The Board of Directors of Gabriel Holding A/S initiated on 16 March 2026 a share buyback programme outside the provisions of Article 5 of Regulation (EU) No. 596/2014 of the European Parliament and of the Council of 16 April 2014 (MAR) and Commission Delegated Regulation (EU) 2016/1052. The framework was to acquire up to 94,500 shares or for an amount of up to DKK 20 million during the period from 16 March 2026 to 16 March 2027. The following transactions have been carried out under the programme during the period below:
| Number of shares | Average purchase price | Transaction value in DKK | |
| Accumulated share of the programme, latest announcement | 52.434 | 228,41 | 11.976.609 |
| May 2026 | 2.675 | 254,39 | 680.505 |
| Accumulated under the programme | 55.109 | 229,67 | 12.657.114 |
| Gabriel total shares | 1.890.000 | ||
| Total treasury shares | 55.109 | 2,92% | of the share capital |
Following the above transactions, Gabriel Holding A/S holds 55,109 treasury shares, corresponding to 2.92% of the company’s share capital. The total number of shares in the company is 1,890,000, including treasury shares. Following these transactions, the share buyback programme is completed. In accordance with Regulation (EU) No. 596/2014, transactions carried out in connection with the share buyback programme are presented in detail in Appendix 1 attached to this company announcement.

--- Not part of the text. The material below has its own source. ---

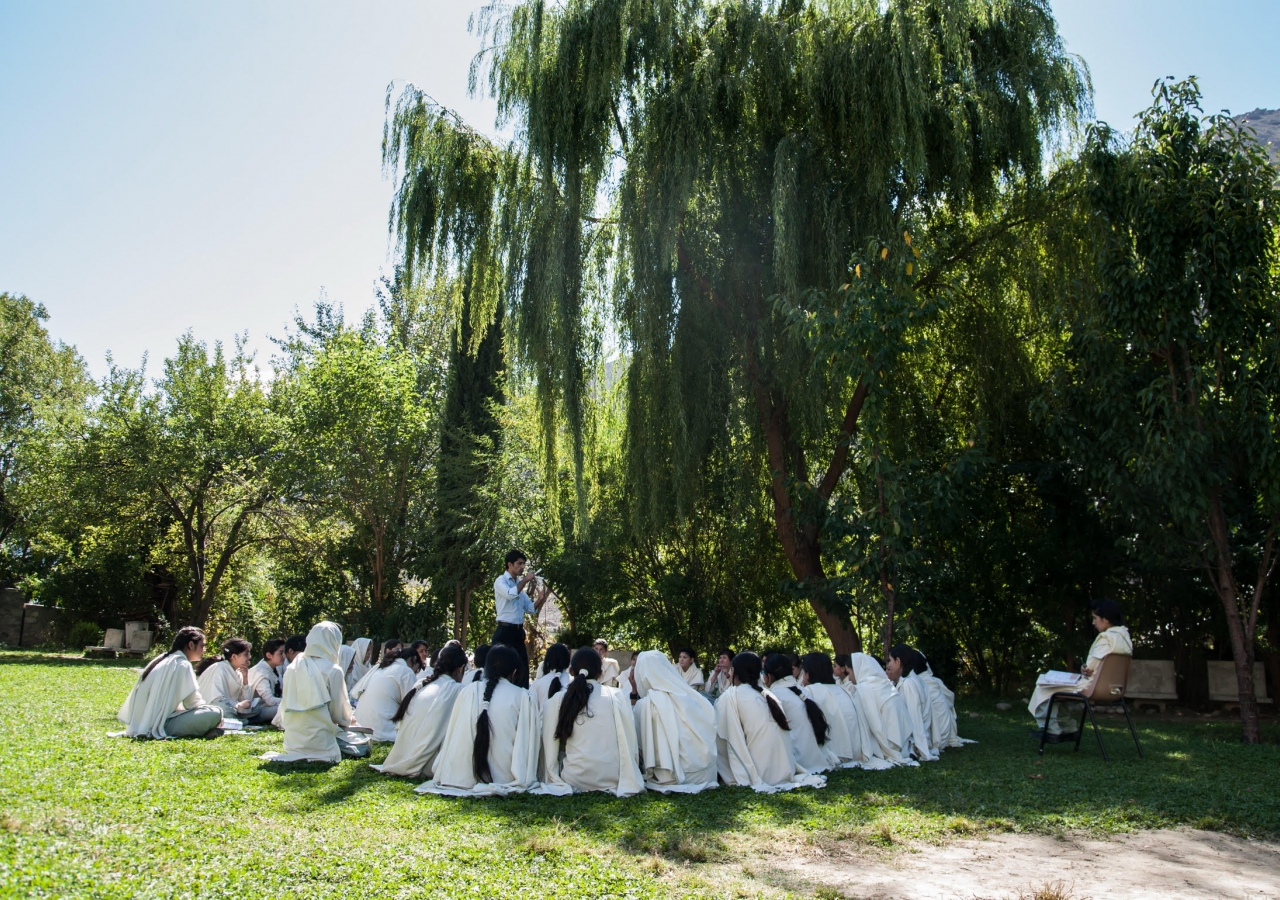 A teacher conducts a practical lesson outdoors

At the same time, the Board of Directors of Gabriel Holding A/S has today decided to initiate a new share buy-back programme in accordance with the authorisation granted at the Annual General Meeting on 11 December 2025.
At the start of the share buyback programme, Gabriel Holding A/S holds 55,109 treasury shares. The purpose of the share buyback programme is to ensure an appropriate holding of treasury shares, which may be used in connection with acquisitions and/or as a basis for share-based incentive programmes for key employees of the company. Shares not used for these purposes are expected to be cancelled, resulting in a reduction of the share capital in accordance with the Danish Companies Act.
The share buyback programme runs from and including 12 May 2026 up to and including 16 March 2027, both days inclusive.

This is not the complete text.